*** Source data Section Begins ***
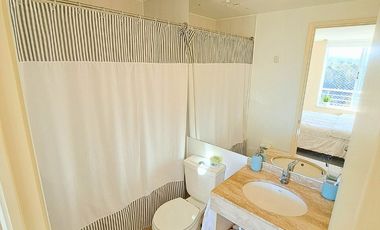 SINCRÓNICA PROPIEDADES ARRIENDA POR AÑO CORRIDO HERMOSO DEPARTAMENTO EN LAGUNA BAHIA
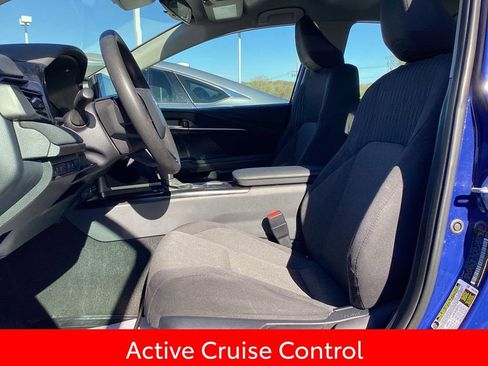 Used 2025 Toyota Camry LE image 11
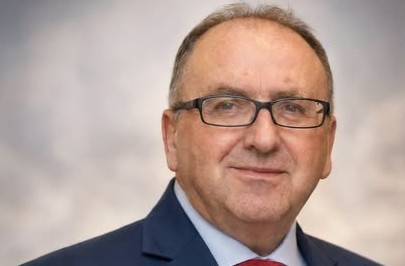 Il medico che ha cambiato Agropoli non era un santo né un profeta: ha lasciato un vuoto immenso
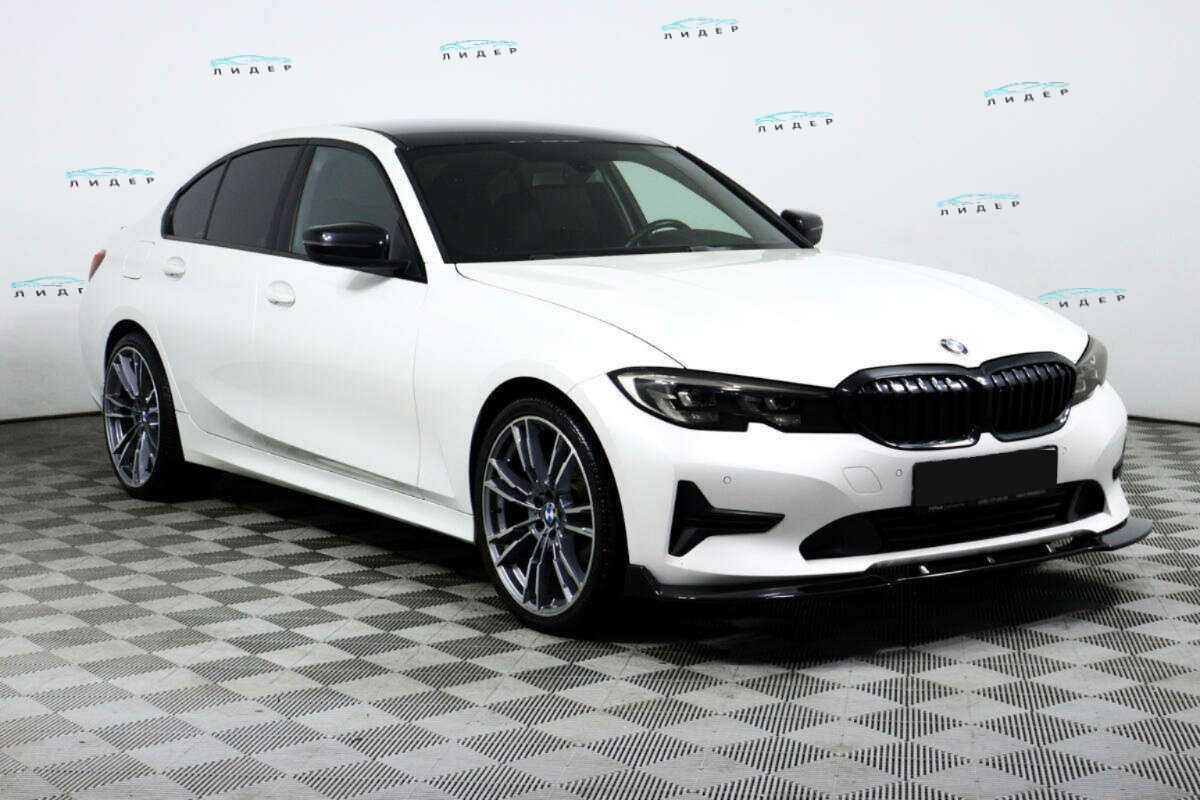 Б/У БМВ 3 серии 2019 года. Фото: #2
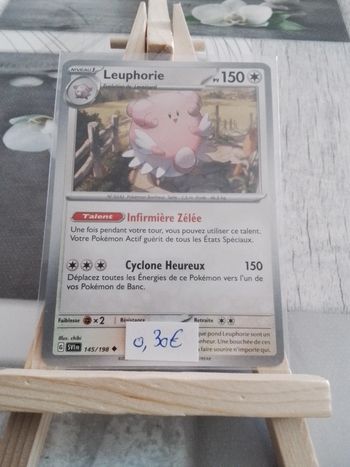Carte Pokémon Leuphorie 145/198
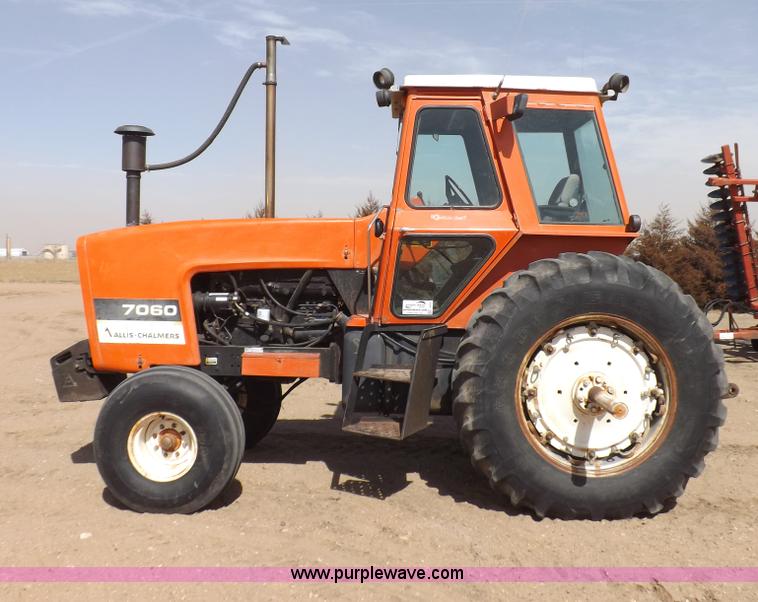 image for item I9055 1980 Allis Chalmers 7060 tractor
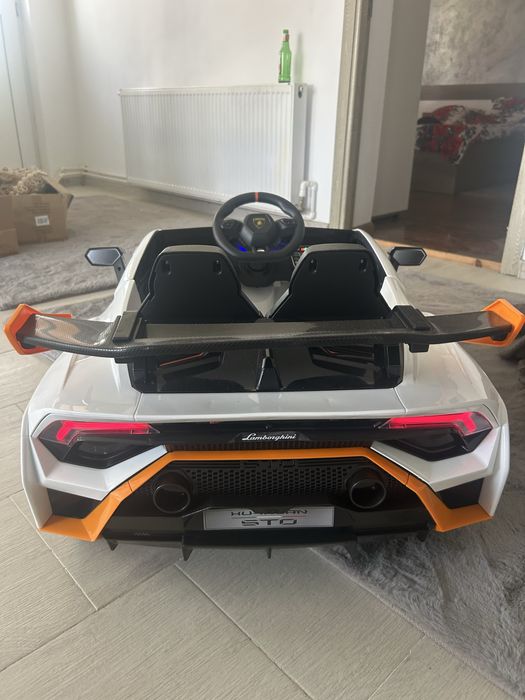 Masina lamborgini noua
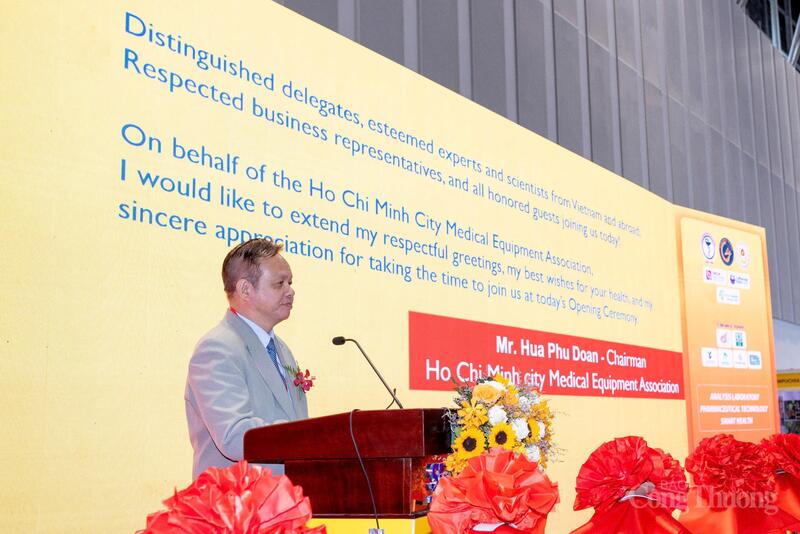 Herr Hua Phu Doan, Vorsitzender des Verbandes für medizinische Geräte in Ho-Chi-Minh-Stadt und Mitglied des Organisationskomitees, hielt die Eröffnungsrede der Ausstellung.
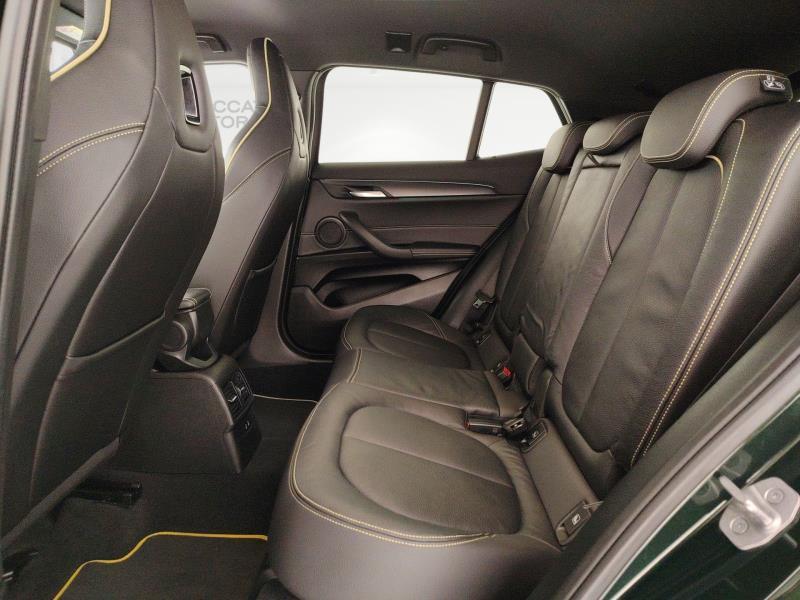 BMW X2 sdrive18d Goldplay Edition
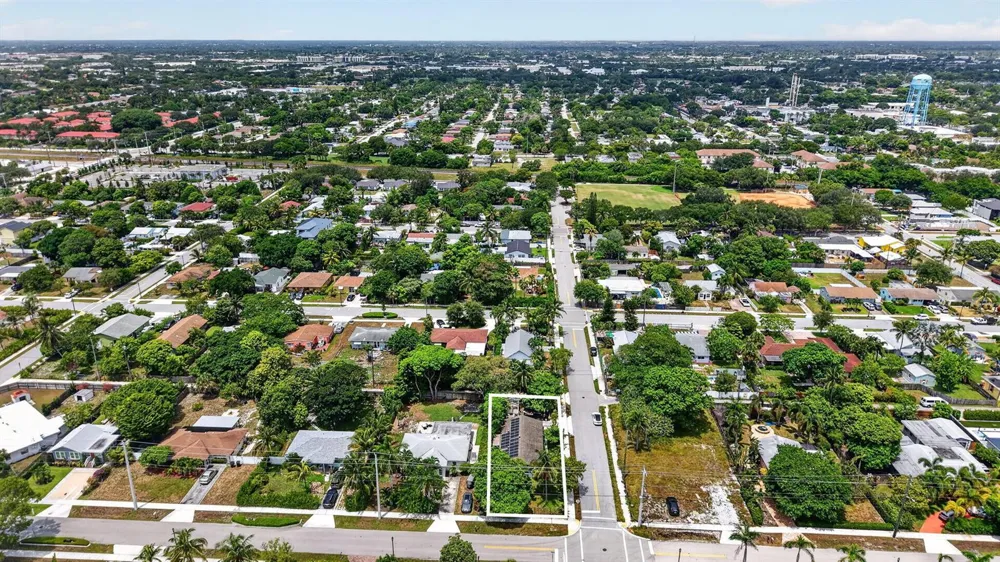 310 SE 8TH STREET Delray Beach, FL 33483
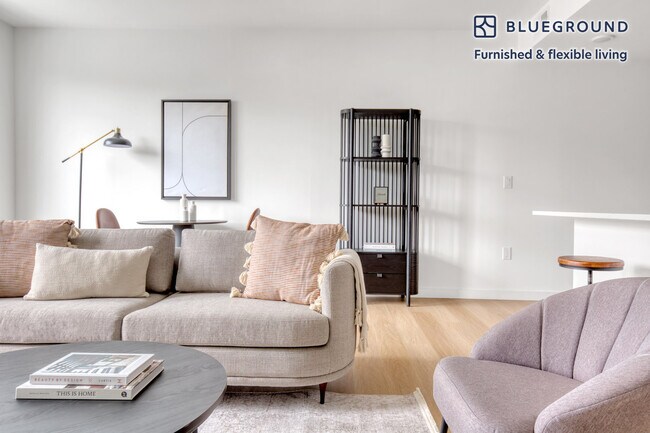 Building Photo - 401 Jackson St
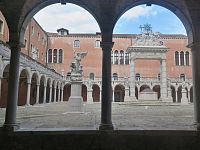 klášterní nádvoří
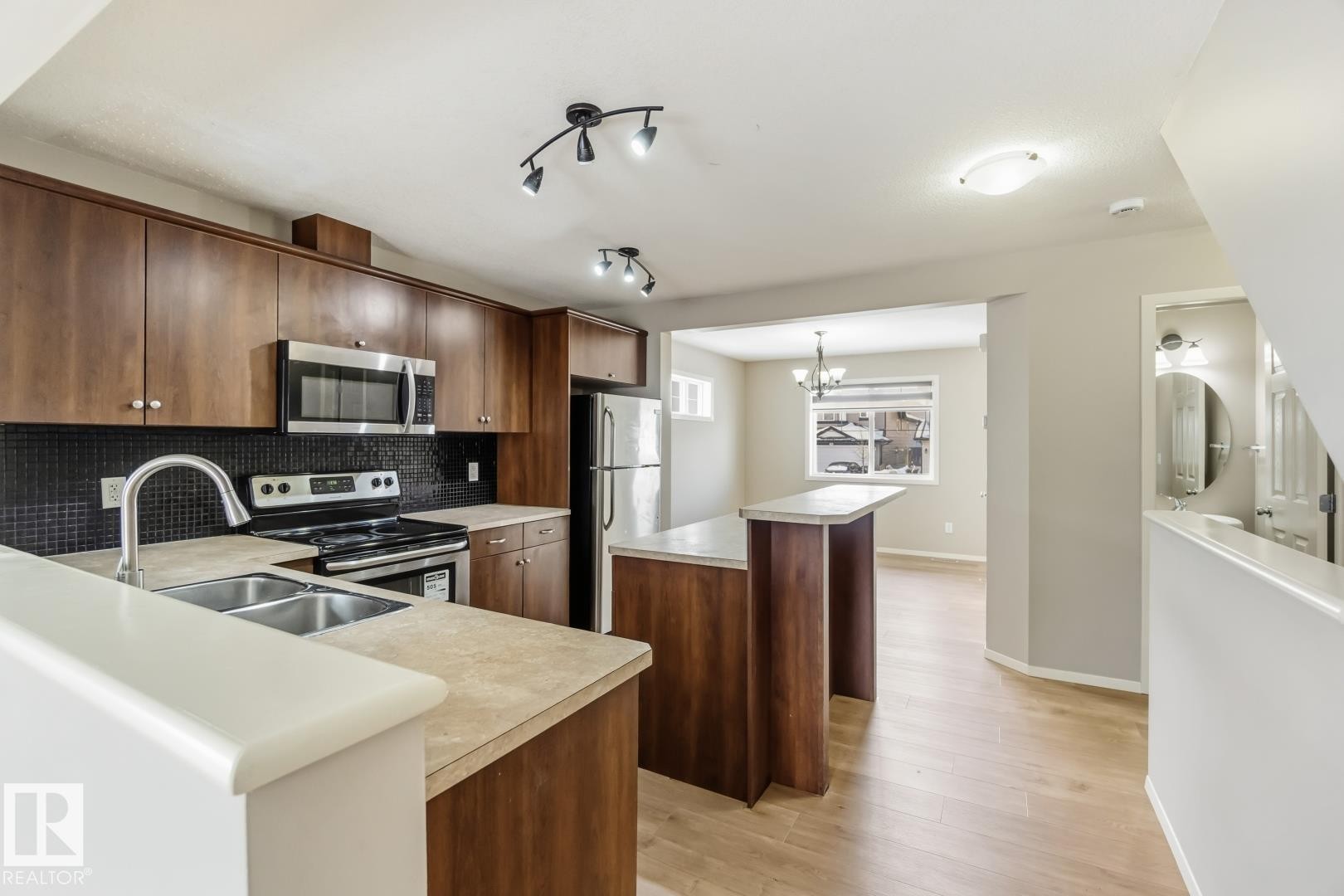 












16 3751 12 Street

,
Edmonton,




AB
T6T 0N3


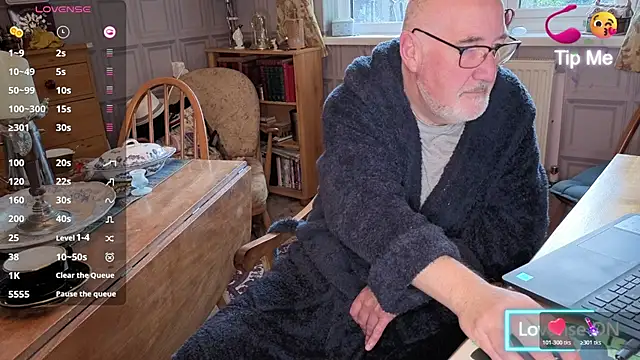 Adamdaddybear online show from October 28, 2025, 7:34 am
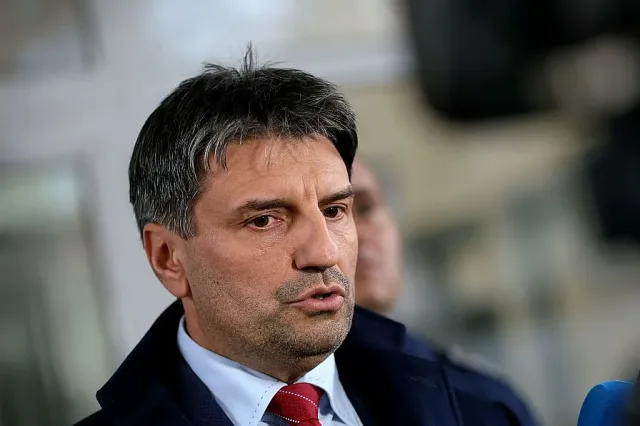 Скандални подробности за директора, сложил камери в училищни тоалетни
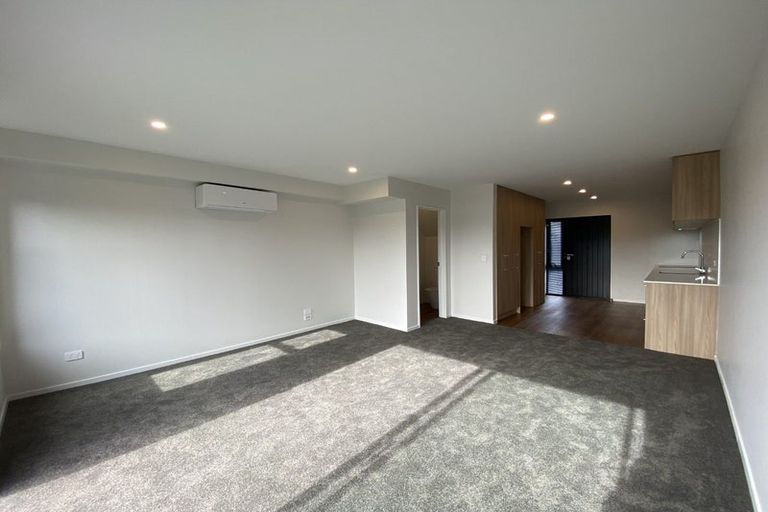 Photo of property in 6/66 Metcalfe Road, Ranui, Auckland, 0612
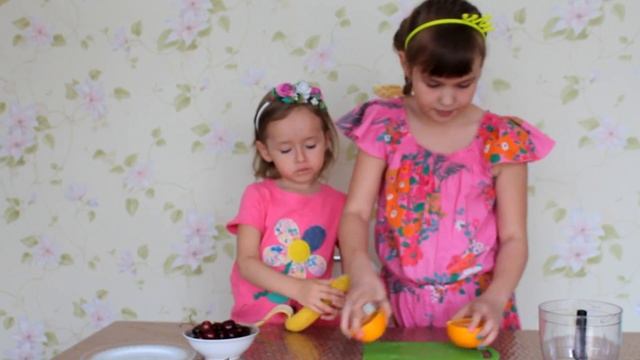 фруктово-ягодный смузи. Готовят дети. Ну очень вкусно и полезно смотреть онлайн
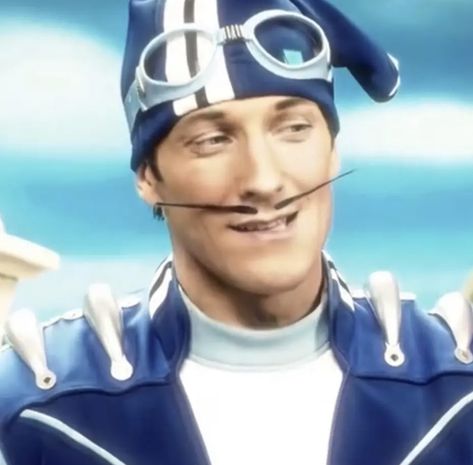 Hear Me Out Weird, Sporticus Lazy Town, Lazy Town Sportacus, Weird Pfp, Magnus Scheving, Lazy Town, No Me Importa, Anatomy, Metallica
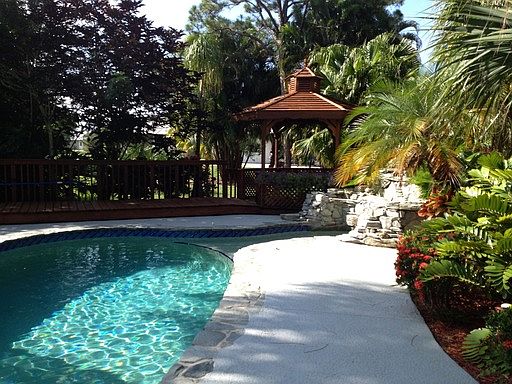 4th image of 2450 SW Maplewood Dr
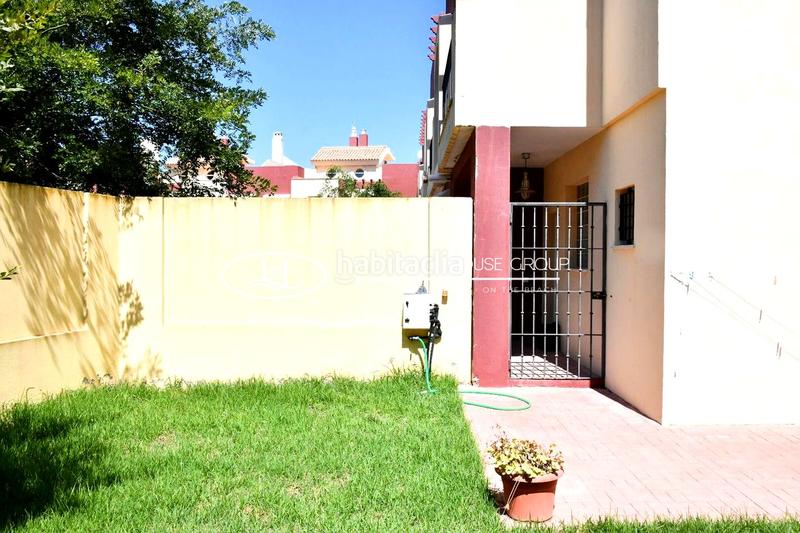 Foto 2159b6a9-4e24-42a8-8a93-e6467652d1ea. Reihenhaus in La Barrosa Chiclana de la Frontera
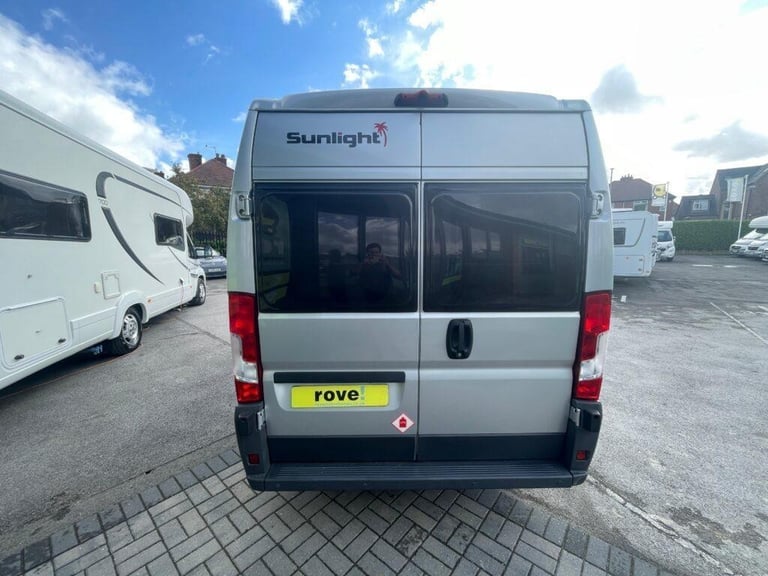 Sunlight Cliff 640 3 Berth 4 Belt Rear Transverse Bed Dinette Conversion Camperv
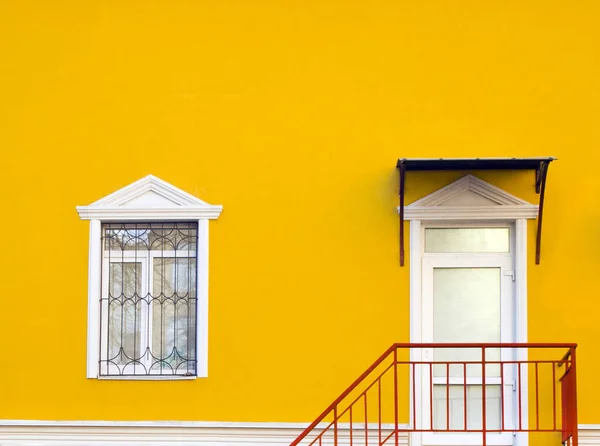 Facciata Dell Edificio Cui Una Porta Ingresso Bianca Una Finestra — Foto Stock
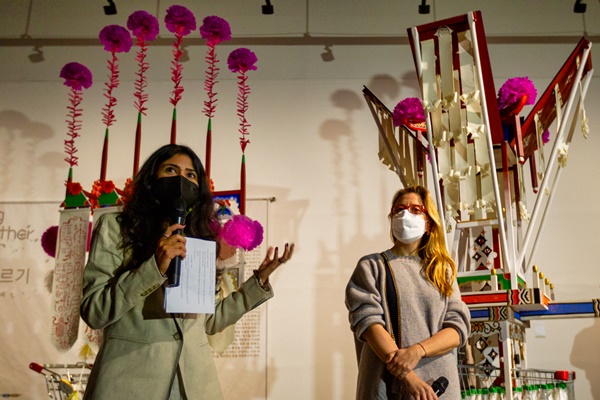 제13회 광주비엔날레 공동예술감독 데프네 아야스(Defne Ayas)(오른쪽)와 나타샤 진발라(Natasha Ginwala)(왼쪽)가 24일 광주비엔날레 전시관 1전시실에서 전시 준비 상황을 설명하고 있다. ⓒ광주비엔날레 제공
*** Source data Section Ends ***
### What you will do
Leaving all pictures out, output exactly the lines of the material above from the line with "Herr Hua Phu" to the line with "klášterní nádvoří", both included.

### Solution for this exercise
 Herr Hua Phu Doan, Vorsitzender des Verbandes für medizinische Geräte in Ho-Chi-Minh-Stadt und Mitglied des Organisationskomitees, hielt die Eröffnungsrede der Ausstellung.
 BMW X2 sdrive18d Goldplay Edition
 310 SE 8TH STREET Delray Beach, FL 33483
 Building Photo - 401 Jackson St
 klášterní nádvoří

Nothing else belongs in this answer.